How To Not Screw Up A / B Testing Your App

This is a guest post by Tim Levine, the data guru at SocialMedia.com.

How many of your app design discussions have ended with: “Okay, let’s test it”? Hopefully you didn’t answer ‘none’, because testing is the fastest way to learn. But it can also misinform business decisions if done carelessly. Instead, I want to help you be careful in the simplest and most common kind of test: The A/B test. Of course, a well-designed multi-variate test is the best use of resources, but we have to roll over before we can crawl.

The most common mistake in A/B testing is not running enough ‘trials.’ The second is running too many. The latter risks wasting potentially more productive opportunities, but the former is far worse because you risk managing by noise. How wasteful it would be to invest in a redesign because of a difference that might just be from random variation!

The table below shows some typical productive opportunities that you might present to a user. If the user pursues the opportunity, then the trial becomes a ‘success.’ Otherwise, it becomes a ‘failure’. Typical success rates and appropriate sample sizes are included as well.
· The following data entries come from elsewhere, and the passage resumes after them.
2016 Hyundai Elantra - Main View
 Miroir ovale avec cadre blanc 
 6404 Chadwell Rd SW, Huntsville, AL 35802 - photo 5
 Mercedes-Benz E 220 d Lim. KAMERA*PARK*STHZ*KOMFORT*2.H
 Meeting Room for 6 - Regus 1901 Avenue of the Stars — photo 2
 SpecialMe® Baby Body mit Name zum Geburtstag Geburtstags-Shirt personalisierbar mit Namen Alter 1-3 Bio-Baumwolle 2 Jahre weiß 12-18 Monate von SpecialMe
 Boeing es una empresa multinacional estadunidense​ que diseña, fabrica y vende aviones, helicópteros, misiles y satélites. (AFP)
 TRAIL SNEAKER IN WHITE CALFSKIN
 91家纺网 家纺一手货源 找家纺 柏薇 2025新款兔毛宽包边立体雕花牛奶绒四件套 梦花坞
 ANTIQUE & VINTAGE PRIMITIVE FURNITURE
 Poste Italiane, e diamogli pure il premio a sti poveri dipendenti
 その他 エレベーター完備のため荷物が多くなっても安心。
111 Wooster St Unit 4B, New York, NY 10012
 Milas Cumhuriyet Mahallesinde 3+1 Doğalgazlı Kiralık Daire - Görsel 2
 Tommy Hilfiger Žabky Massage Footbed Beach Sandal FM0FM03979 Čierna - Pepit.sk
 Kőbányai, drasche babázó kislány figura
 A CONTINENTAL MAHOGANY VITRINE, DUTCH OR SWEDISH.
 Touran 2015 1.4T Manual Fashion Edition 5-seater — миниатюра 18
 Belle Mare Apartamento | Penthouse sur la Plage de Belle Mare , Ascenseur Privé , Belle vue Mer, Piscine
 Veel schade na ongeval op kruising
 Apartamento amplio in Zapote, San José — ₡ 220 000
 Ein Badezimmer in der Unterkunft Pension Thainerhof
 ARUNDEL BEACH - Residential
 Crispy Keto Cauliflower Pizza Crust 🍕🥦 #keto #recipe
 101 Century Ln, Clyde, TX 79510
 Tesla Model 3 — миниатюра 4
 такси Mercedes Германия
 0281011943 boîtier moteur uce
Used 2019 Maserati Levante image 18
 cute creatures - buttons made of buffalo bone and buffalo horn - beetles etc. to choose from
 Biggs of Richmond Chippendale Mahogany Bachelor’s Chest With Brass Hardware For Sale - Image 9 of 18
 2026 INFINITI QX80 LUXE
Note that ‘A’ would be one ‘cell’ (group of users) and ‘B’ would be another.

User has the opportunity toTypical Success rate
(successes/opportunities)
Number of trials needed per cell
(see below)
Click an ad0.5%52k impressions
Invite friends12%1871 new users
Proceed to next stage of flow40%366 users entering flow
Click Ad then purchase something0.001%2.6MM impressions

Since SocialMedia enables developers to monetize their apps through ads, let’s suppose that you were considering moving an ad from the top of a page to the bottom. In this example, the ad at the top typically yields a click through rate (CTR) of 0.5%, but you say, “I don’t care about CTR, I care about money!”. We do too, but you ideally want to improve ad performance devoid of any market dynamics. It’s like testing a car on a dynamometer (like when you get your car smogged) because it removes the extra variability of road surface, wind, and driver habit.

The first question is this: “How much better would the ad on the bottom have to do for you to switch?” This is a business decision and becomes the substantial difference that will drive the test design. Do you see coupons for 1% off? Of course not, because marketers know that it’s not enough for people to act. Likewise, your test might precisely determine that moving your ad to the bottom will yield a CTR of 0.5001% – but so what?

While you have to decide at what level you won’t get laughed out of a conference room, I have found that web folks generally consider a 15% or more improvement enough to invest in creative development or site re-design. So our sample size question becomes “How many ad views do we need to declare a statistically significant difference between a CTR of 0.5% and one of 0.575%? This is readily calculable:

  • number of samples required per cell = 2.7 * (p1*(1-p1) + p2*(1-p2))/(p1-p2)^2

So for our example we’d have to run:

  • 2.7 *(0.005*0.995 + 0.00575*0.99425)/(.005-00575)^2 = 51,321 ad views for pages with the ad at the top and that many with the ad at the bottom.

(By the way, the pre-factor of 2.7 has a one-sided confidence level of 95% and power of 50% baked into it. These have to do with the risk of choosing to switch when you shouldn’t and not switching when you should. We’re not running drug trials here so these two choices are fine for our purposes. The above calculation will determine the minimum and also the maximum you need to run.)